We couldn’t resist trying a salad and dedicated the next course to sharing a plate of organic greens, carrots, cherry tomatoes, radish and nasturtium with lemon vinaigrette. It was the most stunning dish that we tried. The ingredients are – of course – exceptionally fresh, and given the overall simplicity of the dish, it’s almost impossible to believe just how good it tastes. I recommended it – without hesitation – to our neighbours.
My main course was a farm raised double-cut pork chop served with a light barbecue sauce. It was a large, generous portion (I did ask for the smallest that they had) and it was cooked perfectly – firm, juicy, succulent. The meal is homely, hearty and comforting. We also ordered ‘elegant pig’ from the family style menu, which consisted of three substantial slices of ham served with parsley sauce, mashed potatoes, carrots and peas. It’s another really good dish, made great by the freshness and intensity of the individual ingredients.

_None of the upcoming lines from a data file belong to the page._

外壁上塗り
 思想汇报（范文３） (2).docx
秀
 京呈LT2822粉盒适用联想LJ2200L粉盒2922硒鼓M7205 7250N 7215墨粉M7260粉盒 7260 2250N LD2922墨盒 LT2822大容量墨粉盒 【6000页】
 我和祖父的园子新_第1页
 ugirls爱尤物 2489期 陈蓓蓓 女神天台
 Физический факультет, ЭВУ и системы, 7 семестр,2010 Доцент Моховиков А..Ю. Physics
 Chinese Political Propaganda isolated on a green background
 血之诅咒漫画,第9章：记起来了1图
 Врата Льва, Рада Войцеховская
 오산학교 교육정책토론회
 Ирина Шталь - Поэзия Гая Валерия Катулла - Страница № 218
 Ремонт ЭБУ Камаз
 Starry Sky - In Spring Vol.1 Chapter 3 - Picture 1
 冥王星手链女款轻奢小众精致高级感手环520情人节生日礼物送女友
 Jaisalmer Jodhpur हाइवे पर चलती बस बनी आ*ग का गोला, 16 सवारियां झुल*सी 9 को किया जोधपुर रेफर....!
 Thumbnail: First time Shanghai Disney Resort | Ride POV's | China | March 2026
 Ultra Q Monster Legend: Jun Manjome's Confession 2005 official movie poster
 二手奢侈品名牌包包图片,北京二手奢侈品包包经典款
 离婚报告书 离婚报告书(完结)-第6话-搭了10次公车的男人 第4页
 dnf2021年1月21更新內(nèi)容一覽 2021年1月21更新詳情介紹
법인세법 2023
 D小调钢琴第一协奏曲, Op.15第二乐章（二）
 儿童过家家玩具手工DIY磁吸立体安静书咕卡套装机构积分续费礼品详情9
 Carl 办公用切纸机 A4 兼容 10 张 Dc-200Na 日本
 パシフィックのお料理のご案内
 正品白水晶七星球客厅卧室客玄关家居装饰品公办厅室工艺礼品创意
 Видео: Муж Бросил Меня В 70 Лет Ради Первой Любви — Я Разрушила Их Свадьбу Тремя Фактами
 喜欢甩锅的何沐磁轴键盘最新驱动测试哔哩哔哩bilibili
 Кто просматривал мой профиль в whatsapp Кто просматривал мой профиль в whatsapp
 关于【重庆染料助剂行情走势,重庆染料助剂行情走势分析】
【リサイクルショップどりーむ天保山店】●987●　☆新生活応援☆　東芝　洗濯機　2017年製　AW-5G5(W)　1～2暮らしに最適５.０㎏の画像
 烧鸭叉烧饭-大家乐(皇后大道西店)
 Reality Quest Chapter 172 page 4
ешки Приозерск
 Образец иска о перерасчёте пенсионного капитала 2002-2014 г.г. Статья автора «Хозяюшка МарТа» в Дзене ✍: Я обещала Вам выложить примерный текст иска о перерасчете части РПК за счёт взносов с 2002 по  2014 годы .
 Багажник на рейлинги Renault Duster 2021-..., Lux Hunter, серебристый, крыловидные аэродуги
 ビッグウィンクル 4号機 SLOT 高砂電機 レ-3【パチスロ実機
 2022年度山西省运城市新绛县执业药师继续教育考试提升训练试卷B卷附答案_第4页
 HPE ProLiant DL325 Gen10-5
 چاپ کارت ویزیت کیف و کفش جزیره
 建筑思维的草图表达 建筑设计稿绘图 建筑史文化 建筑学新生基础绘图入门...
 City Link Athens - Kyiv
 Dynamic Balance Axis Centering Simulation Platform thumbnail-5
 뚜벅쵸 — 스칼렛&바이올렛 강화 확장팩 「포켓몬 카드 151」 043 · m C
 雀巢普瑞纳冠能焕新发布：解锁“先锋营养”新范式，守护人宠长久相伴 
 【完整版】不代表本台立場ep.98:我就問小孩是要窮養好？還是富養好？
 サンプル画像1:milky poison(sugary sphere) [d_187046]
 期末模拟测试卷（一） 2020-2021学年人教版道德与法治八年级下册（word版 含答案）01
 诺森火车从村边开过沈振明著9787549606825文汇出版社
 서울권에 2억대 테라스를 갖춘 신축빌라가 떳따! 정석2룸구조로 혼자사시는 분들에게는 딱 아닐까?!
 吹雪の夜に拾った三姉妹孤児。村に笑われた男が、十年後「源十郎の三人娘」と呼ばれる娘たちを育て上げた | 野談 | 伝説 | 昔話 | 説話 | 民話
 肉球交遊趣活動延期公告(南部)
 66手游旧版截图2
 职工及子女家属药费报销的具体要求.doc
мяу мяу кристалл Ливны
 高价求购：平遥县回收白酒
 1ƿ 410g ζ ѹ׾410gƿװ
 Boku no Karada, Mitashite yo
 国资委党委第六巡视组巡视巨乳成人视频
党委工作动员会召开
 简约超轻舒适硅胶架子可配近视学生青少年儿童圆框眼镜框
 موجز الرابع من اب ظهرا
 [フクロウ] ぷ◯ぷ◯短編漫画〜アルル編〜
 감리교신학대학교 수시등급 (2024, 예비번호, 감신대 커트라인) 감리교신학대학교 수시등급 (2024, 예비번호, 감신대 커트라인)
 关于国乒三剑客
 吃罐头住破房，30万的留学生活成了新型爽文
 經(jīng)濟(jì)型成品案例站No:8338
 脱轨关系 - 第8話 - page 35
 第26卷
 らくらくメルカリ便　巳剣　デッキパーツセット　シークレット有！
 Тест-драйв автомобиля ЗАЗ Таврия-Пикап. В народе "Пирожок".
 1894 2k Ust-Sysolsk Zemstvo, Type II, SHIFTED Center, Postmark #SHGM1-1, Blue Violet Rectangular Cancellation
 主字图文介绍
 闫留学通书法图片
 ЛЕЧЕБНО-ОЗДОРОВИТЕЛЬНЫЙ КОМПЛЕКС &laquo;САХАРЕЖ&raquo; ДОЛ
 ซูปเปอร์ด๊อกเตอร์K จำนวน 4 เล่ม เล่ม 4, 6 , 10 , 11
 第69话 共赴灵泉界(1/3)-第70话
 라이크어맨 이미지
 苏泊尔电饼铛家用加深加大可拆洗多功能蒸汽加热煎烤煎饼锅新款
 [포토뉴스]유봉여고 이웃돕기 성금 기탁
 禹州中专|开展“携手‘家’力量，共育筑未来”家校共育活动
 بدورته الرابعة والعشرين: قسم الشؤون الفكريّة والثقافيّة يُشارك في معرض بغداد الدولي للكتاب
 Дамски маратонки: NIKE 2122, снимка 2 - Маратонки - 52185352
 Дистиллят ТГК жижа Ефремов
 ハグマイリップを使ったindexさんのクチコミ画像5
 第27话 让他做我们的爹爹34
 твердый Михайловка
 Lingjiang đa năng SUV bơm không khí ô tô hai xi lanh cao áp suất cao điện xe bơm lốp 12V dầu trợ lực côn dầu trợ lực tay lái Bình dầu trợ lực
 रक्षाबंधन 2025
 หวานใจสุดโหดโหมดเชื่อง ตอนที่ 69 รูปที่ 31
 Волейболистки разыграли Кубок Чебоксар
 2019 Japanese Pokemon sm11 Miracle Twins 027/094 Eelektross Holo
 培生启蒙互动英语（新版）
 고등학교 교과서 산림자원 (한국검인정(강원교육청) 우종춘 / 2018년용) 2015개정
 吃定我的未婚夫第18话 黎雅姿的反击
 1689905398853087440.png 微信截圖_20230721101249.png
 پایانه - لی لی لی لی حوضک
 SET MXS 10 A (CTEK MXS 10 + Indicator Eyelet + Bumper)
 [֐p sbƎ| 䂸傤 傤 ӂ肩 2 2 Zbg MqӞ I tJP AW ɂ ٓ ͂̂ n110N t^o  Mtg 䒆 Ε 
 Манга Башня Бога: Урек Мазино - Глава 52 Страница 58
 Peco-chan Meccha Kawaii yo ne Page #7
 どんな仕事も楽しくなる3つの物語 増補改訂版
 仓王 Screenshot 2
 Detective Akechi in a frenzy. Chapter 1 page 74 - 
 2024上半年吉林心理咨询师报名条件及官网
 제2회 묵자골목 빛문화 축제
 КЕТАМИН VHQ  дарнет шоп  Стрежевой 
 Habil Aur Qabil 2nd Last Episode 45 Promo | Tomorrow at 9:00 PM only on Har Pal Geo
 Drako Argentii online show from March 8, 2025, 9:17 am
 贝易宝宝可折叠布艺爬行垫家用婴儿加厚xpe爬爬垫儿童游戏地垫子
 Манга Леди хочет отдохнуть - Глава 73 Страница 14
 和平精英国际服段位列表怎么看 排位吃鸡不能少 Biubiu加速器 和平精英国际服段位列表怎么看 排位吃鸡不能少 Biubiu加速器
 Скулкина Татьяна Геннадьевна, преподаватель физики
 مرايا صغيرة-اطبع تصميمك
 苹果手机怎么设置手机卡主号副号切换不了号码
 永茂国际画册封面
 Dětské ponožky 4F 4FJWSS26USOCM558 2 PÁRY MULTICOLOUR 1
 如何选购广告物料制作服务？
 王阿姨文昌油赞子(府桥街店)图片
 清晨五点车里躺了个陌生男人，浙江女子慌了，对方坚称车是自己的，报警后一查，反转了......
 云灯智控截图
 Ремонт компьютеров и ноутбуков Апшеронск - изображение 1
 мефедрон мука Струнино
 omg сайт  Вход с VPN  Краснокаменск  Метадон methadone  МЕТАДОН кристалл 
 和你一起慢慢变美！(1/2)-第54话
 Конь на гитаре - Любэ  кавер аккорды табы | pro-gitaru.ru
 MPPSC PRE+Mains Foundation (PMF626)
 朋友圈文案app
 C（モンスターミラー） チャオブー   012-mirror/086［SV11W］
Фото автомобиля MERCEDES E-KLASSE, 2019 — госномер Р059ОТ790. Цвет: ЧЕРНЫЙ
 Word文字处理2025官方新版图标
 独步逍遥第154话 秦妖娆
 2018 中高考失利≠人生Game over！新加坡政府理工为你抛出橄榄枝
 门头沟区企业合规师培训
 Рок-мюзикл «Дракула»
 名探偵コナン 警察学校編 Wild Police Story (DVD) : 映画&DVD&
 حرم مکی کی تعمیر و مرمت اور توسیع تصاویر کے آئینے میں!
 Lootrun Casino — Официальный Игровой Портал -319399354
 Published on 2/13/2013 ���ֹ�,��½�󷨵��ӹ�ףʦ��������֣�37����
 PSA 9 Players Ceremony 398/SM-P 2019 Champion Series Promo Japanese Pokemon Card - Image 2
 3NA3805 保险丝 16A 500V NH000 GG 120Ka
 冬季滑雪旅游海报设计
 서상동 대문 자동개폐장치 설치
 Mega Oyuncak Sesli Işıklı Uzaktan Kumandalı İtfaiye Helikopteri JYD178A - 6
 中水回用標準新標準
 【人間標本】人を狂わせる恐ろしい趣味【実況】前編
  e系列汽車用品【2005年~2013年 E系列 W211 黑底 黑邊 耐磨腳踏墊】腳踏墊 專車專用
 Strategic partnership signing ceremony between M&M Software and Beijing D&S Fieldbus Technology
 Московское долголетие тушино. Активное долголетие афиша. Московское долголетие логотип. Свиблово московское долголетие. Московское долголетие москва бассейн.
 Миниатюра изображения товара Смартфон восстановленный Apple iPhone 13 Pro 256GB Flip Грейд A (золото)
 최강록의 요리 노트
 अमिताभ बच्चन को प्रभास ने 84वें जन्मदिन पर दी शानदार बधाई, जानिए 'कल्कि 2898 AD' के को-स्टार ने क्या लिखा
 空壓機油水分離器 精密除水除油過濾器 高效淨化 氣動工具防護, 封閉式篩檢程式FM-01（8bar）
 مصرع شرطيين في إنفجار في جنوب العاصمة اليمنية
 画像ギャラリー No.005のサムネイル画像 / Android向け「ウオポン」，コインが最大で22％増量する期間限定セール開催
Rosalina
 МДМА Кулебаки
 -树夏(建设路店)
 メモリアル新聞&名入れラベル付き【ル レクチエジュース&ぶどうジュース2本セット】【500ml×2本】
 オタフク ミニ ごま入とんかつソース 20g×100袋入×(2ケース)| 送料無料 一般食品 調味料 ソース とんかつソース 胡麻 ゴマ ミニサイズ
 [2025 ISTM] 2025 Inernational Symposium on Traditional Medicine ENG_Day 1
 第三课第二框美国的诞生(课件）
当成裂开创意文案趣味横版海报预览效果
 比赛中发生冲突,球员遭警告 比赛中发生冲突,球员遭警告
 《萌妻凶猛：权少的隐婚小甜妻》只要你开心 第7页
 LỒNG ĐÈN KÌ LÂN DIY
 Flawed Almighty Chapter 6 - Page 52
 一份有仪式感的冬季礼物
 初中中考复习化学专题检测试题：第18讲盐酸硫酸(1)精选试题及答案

To be honest, we’re a bit full by the time it comes to dessert, but we can’t resist, choosing the carrot cake and a crème brûlée. They’re both good, but it’s the course that I would have been most willing to miss. When the check arrives we notice that they haven’t been included, and point this out to our server who immediately tells us that it’s quite deliberate, and that Erika wanted us to have dessert on the house – a really lovely gesture and a delightful end to a wonderful evening.
This is simple food. But it’s very, very well done. The restaurant has a delightful atmosphere, and the service is great, fantastic even. The surroundings – the farm and gardens – are beautiful. Their foundation is good, sincere, honest. Together, the experience at Flora Farm is really very special – remarkable and memorable – and definitely worth a visit if you’re in the area.